Пока бутылка только начала опорожняться, мы решили протестировать знание декрета № 9 и комментариев к нему на молодых парнях, тем более они уже доедали котлеты. Я бросилась к ним за столик, с вопросами о декрете. Ребята засмущались и сказали, что «мы не в курсе, мы по распределению, хотя должны были работать техниками-программистами, но работаем тут операторами». Один был вообще не оператором, а учеником. Я поинтересовалась зарплатой, парень бодро и уверенно сказал: «Ну, я же пока ученик! У меня шестьсот пятьдесят!» Глаза мои полезли на лоб: «Что — шестьсот пятьдесят? Зарплата?!» Он на меня покосился, побагровел, перевёл глаза на котлету в тарелке, перевернул ее зачем-то и сказал: «Ну, вообще-то выходит семьсот».

Наш разговор слушал ещё один молодой рабочий. Он мне поведал, воровато озираясь, что «начальство у нас — вообще», и показал ребром ладони по горлу, а пальцем — у виска, и «пока контракт новый не подписал, увольняться можно», и что «ввели новый лесопильный цех, немецкий, а работать на нем невозможно, все ломается, потому что цех немецкий, а люди не немецкие, понимать надо». И ушёл.

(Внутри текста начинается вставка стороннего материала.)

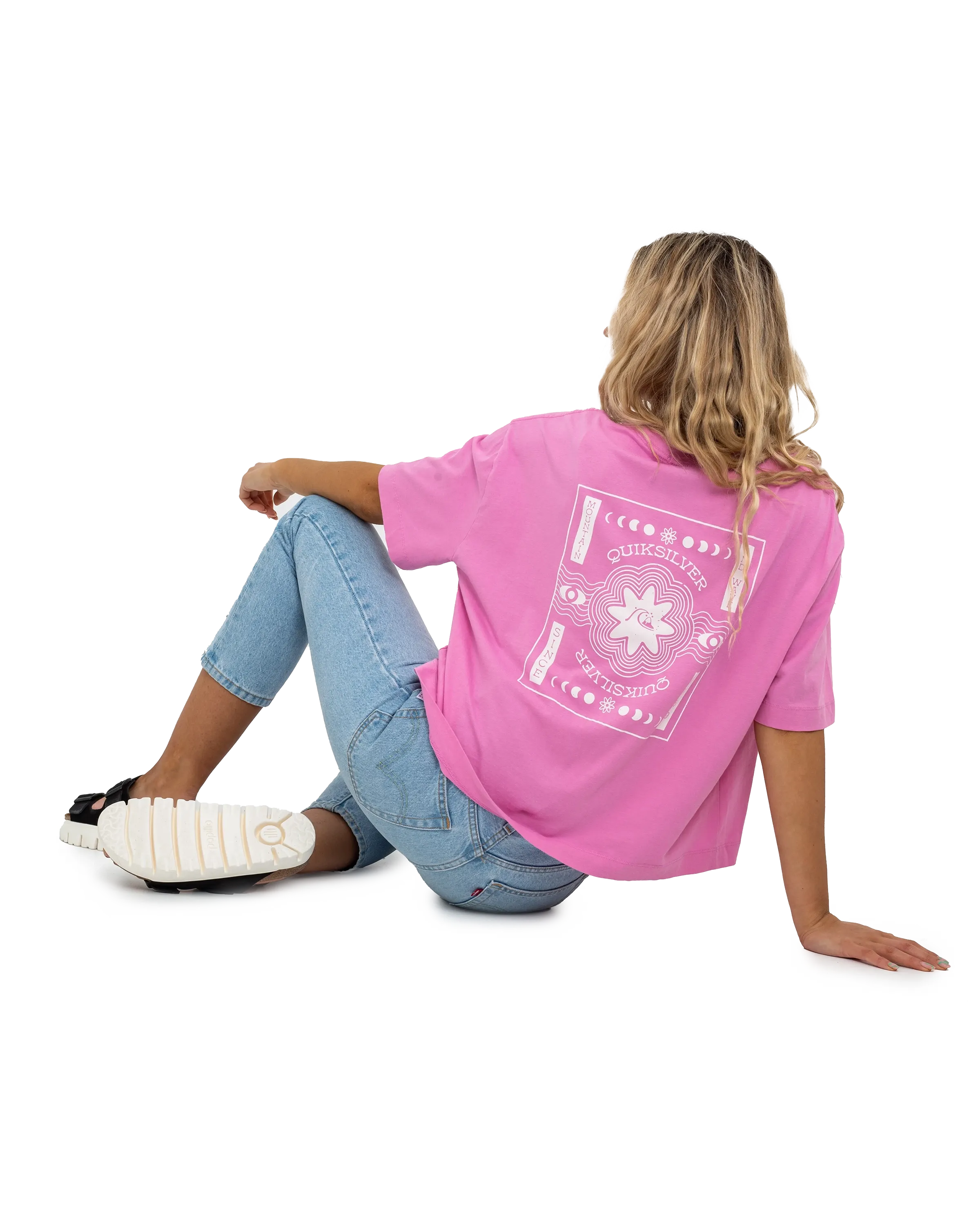 Quiksilver Clothing Das Boyf Crop T-Shirt in Mondlicht Mauve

Мы увидели, что полупустая и наполовину полная бутылка за соседним столиком даёт нам сигнал, что пора в атаку. За конструктивным диалогом. Диалог был такой. Мы спрашиваем о декрете, а нам отвечают, что «да, начальник отправил одну девку в декрет, хоть у него жена есть, в Житковичах, а любовнице квартиру выбил, на девятом этаже!». Мы спрашиваем о принудительном труде — они нам отвечают, что «у начальника «Туарег», понимаете, «Туарег»! И квартира! На девятом этаже!» Мы спрашиваем: «Что обсуждается в коллективе?». А они твердят, что «щепа лежит, а никому дела нет до щепы».

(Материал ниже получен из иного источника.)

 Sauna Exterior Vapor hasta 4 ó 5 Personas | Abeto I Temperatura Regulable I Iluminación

Я пыталась добиться: рады они, что нельзя увольняться, или нет? А рабочие кивали на столовские тарелки и говорили: «Почему мы, мужики, должны это есть, это нормально?» Я парировала, что я тоже ела — нормально, вкусно и дешёво. Работяга скривился: «Ели... Не врите, вы чай пили, мы видели! Вам этот чай только для понтов! А нам еда — для зонтов!» (для каких зонтов?)

За щепой по хрупкому льду

7

Про увольнение, принудительный труд, нарушение прав человека, Конституции, декларации, КЗоТ, рекомендации МОТ и проч. работяги говорить не хотели, или не могли. Охотно лишь твердили про «Туареги», любовниц (начальников, натурально, рабочим людям некогда по любовницам шастать), щепу, бестолковых мастеров, новые куртки, которые выдают только для показухи, а после проверки на работяг одевают «риззе» (это диалектное слово, обозначает оборванную донельзя одежду, б/у, секондхэнд). Печально. Конечно. Но редактор просил про принудительный труд. Нам же работяги предлагали немедленно оправиться на комбинат и снять щепу, которая лежит.

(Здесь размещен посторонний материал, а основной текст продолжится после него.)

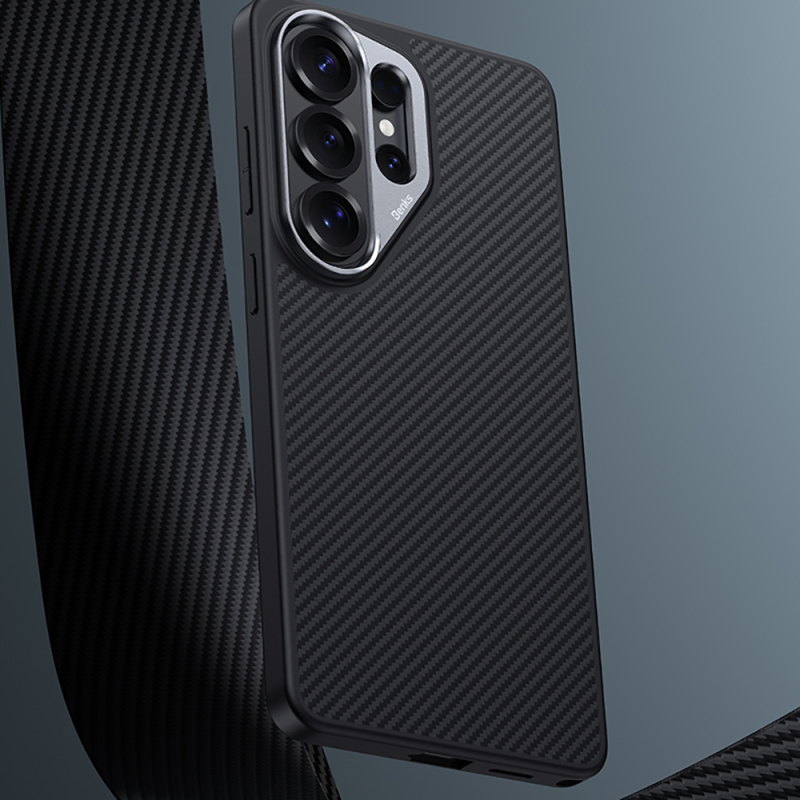 Galaxy S26 Ultra Kılıf Karbon Fiber M-safe Şarj Özellikli Benks Hybrid ArmorPro 600D Kevlar Kapak - 10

«Но как мы проберёмся на комбинат? Нас туда не пускают? У вас же режимное предприятие!» — чуть не плакали мы. Рабочий стукнул по столу: «Да что же это такое! Что вы за журналисты бестолковые! Идите с той стороны озера, сейчас замёрзло все, лёд, вот по льду с той стороны озера и проберётесь! А там забора нет, вы — шасть, и на завод, а там щепа. Только по льду!» Он колотил кулаком по столу, стаканы прыгали. Его коллеги сгрудились вокруг столика, как кусты над Припятью, и пальцами тыкали в стол, рисовали нам схему, как попасть по льду, через озеро, на завод, чтобы зачем-то сфотографировать щепу. Люди, зачем фотографировать щепу? Вы видели когда-нибудь фотографированную щепу?

В том году, в декабре, я ехала на происшествие (по заданию редактора, кстати, напоминаю, нет, не читателям, редактору) и попала в аварию. В этом году, в декабре, меня настойчиво просят перейти с первой звездой по первому хрупкому льду озеро, чтобы сфотографировать щепу. Вот двигаюсь я, как Ленин через Финский залив. Вот проваливаюсь я под лёд и уношу свою тайну про щепу в могилу. А редактор будет недоумевать — зачем и куда только черти понесли ее вечером, в метель по хрупкому льду? Ведь просили ее об элементарной вещи — позвонить директору и взять комментарий!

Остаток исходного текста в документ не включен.